Worse: if you slip and get y = 4 here, now you have a contradiction with the back-substituted answer — and no idea which one is right. Two answers, no tiebreaker.
Why back-substituting is genuinely safer
Counting the chances of error
Back-substitution after x = 2 into 4x + y = 11:
- Multiply: 4 \times 2 = 8. (1 operation)
- Subtract: 11 - 8 = 3. (1 operation)
Total: 2 arithmetic operations.
Re-elimination to find y:
- Multiply equation (1) by 2: three terms updated → 4x, 6y, 26. (3 operations)
- Subtract equation (2) term by term: 4x - 4x, 6y - y, 26 - 11. (3 operations)

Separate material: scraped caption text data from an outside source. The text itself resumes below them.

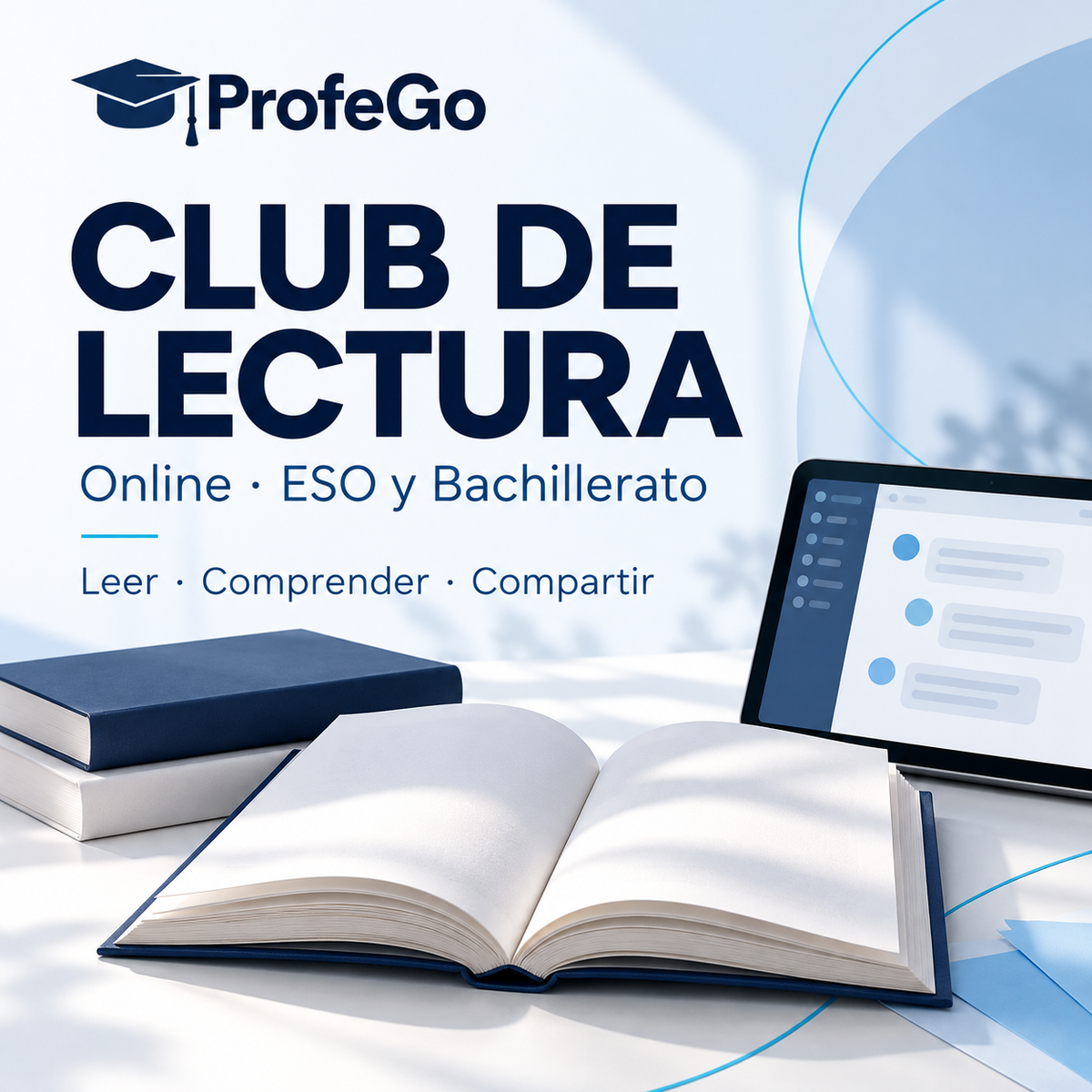 Club de lectura online ProfeGo para estudiantes de ESO y Bachillerato
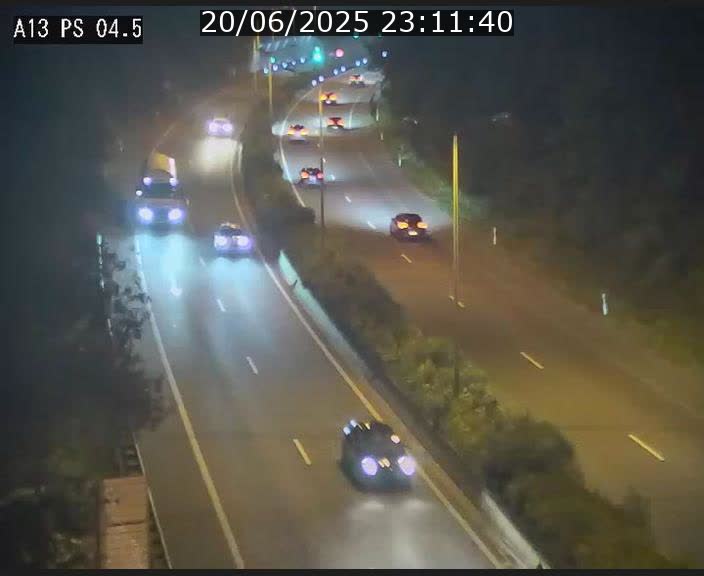Traffic live webcam Luxembourg Differdange - A13 direction Esch-sur-Alzette - BK 4.5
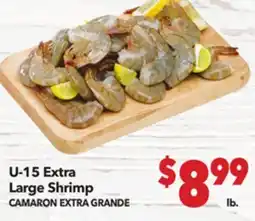 Vallarta Supermarkets U-15 Extra Large Shrimp / CAMARON EXTRA GRANDE offer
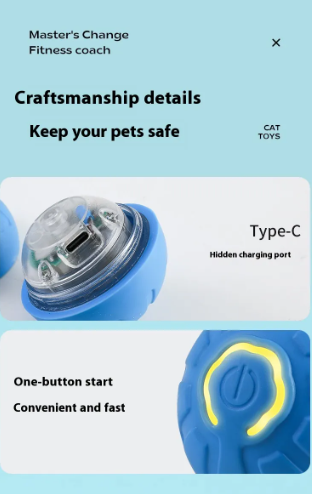 Interactive Smart Pet Ball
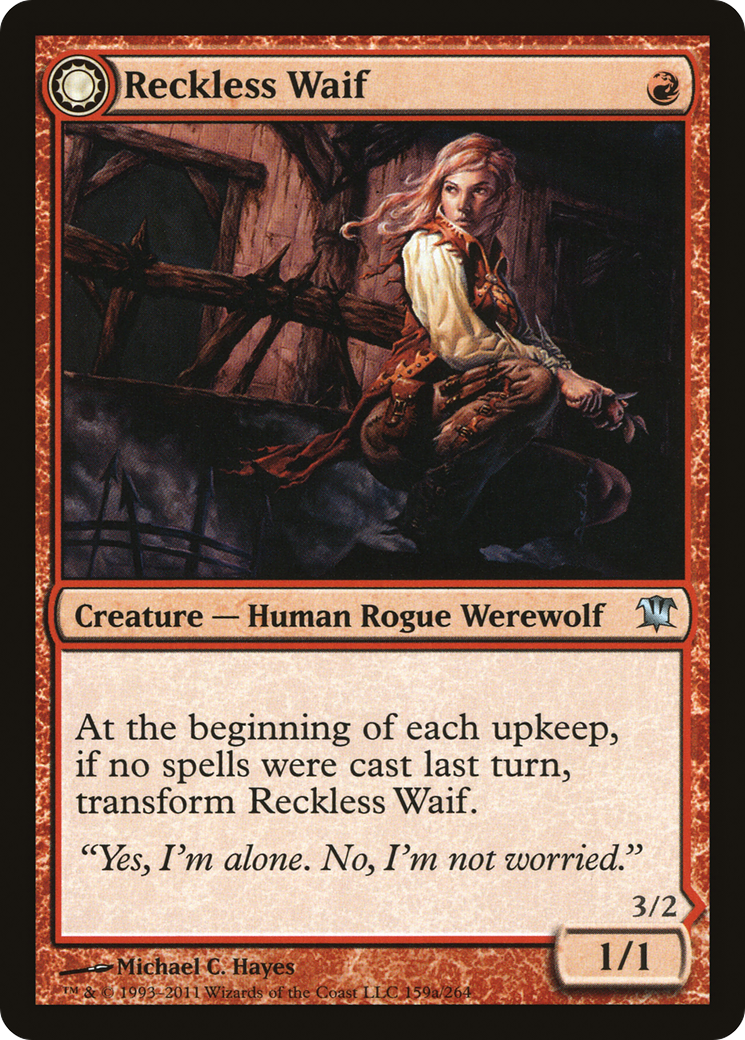Reckless Waif // Merciless Predator (159) - Innistrad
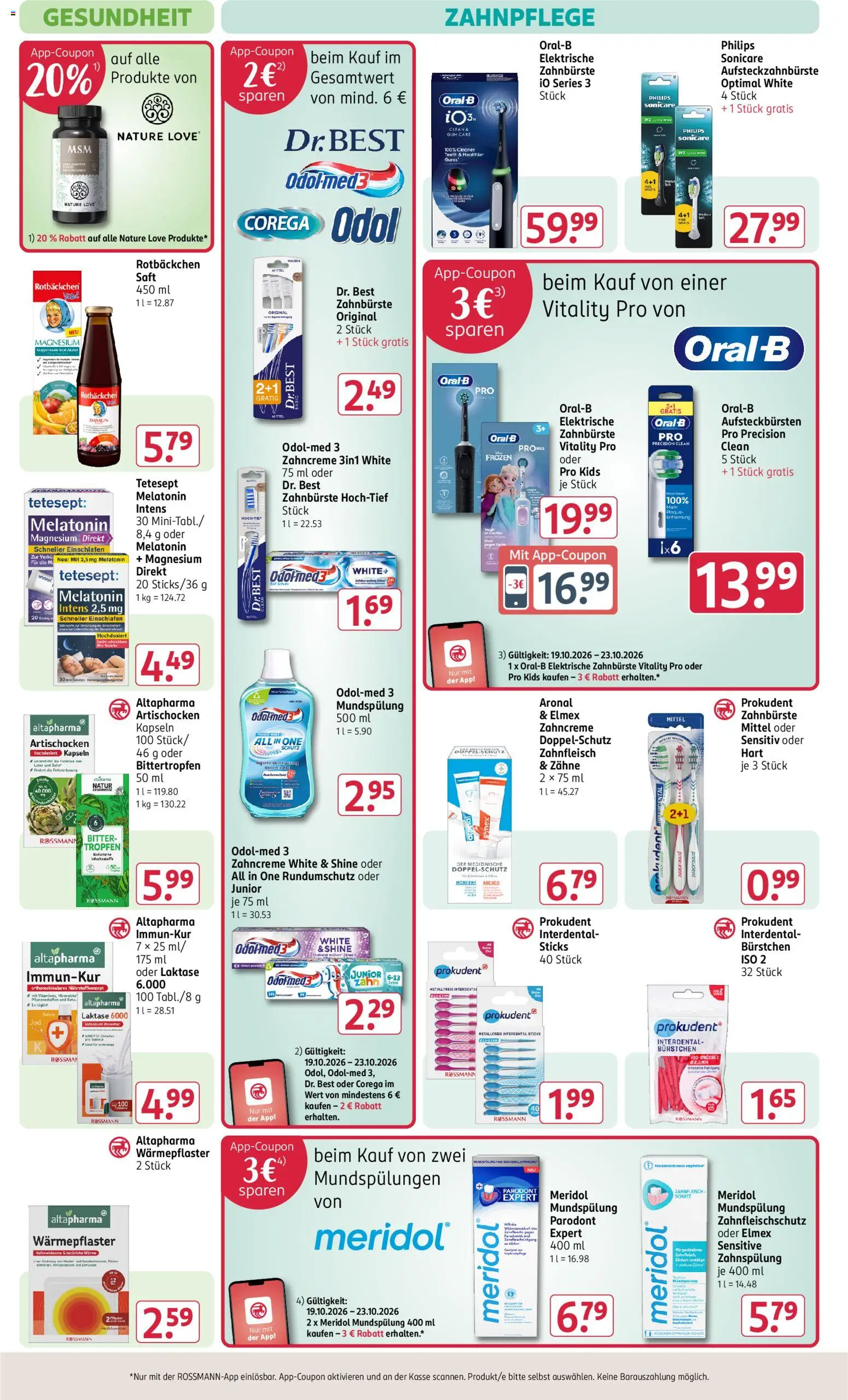 Rossmann Pre Black Week Prospekt in Deutschland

- Divide: 15 / 5 = 3. (1 operation)
Total: 7 arithmetic operations.
If your per-operation error rate is even 2%, the chance of a clean back-substitution is 0.98^2 \approx 96\%. The chance of a clean re-elimination is 0.98^7 \approx 87\%. Why this matters: in a 3-hour board exam with 30+ calculations, those extra 5 operations per problem add up to several wrong answers across the paper.
The post-x workflow
Pick the easier equation
After you have x, you can substitute into either original equation. They both work. But one is usually easier than the other — and "easier" always wins. Look for:
- Smaller coefficients. 4x + y = 11 beats 7x - 5y = -1. Multiplying by 4 is faster than multiplying by 7.
- A coefficient of 1 on y. If one equation has y standing alone (like 4x + y = 11), that's free — no division needed.
- Smaller constants on the right. 4x + y = 11 beats 4x + y = 137 because 11 - 8 is cleaner than 137 - 8.
For the system in our examples, equation (2) is 4x + y = 11 — coefficient 1 on y, small numbers everywhere. Pick it. Equation (1) is 2x + 3y = 13, which would force you to divide by 3 at the end. Why this matters: dividing 13 - 4 = 9 by 3 gives a clean 3 here, but in many problems the division produces fractions you have to simplify. Avoid it when you can.
The exam-time payoff
Every CBSE Class 10 paper has at least one pair-of-equations problem, often two. If you back-substitute correctly, each saves you about 30 seconds and one possible arithmetic slip. Across a paper, that's a free 1–2 minutes for re-checking other questions, plus one fewer silly mistake. Why this compounds: in a board exam, every saved minute is a minute you can spend on the geometry proof you weren't sure about.
The same rule scales up. In three-equation systems (CBSE Class 11, JEE), once you've found z, back-substitute into a two-variable equation to get y, then back-substitute both into a one-variable equation for x. Each step is a one-variable solve. Never re-do the whole elimination.
The one-line takeaway
Elimination is expensive. Substitution is cheap. The moment you have one variable, switch from expensive to cheap.
References
- NCERT, Mathematics Class 10, Chapter 3: Pair of Linear Equations in Two Variables — the official syllabus source.
- Khan Academy, Solving systems by elimination — practice problems with worked back-substitution.
- Paul's Online Math Notes, Linear Systems with Two Variables — clear treatment of substitution after elimination.
- Art of Problem Solving, Systems of equations — competition-level technique notes.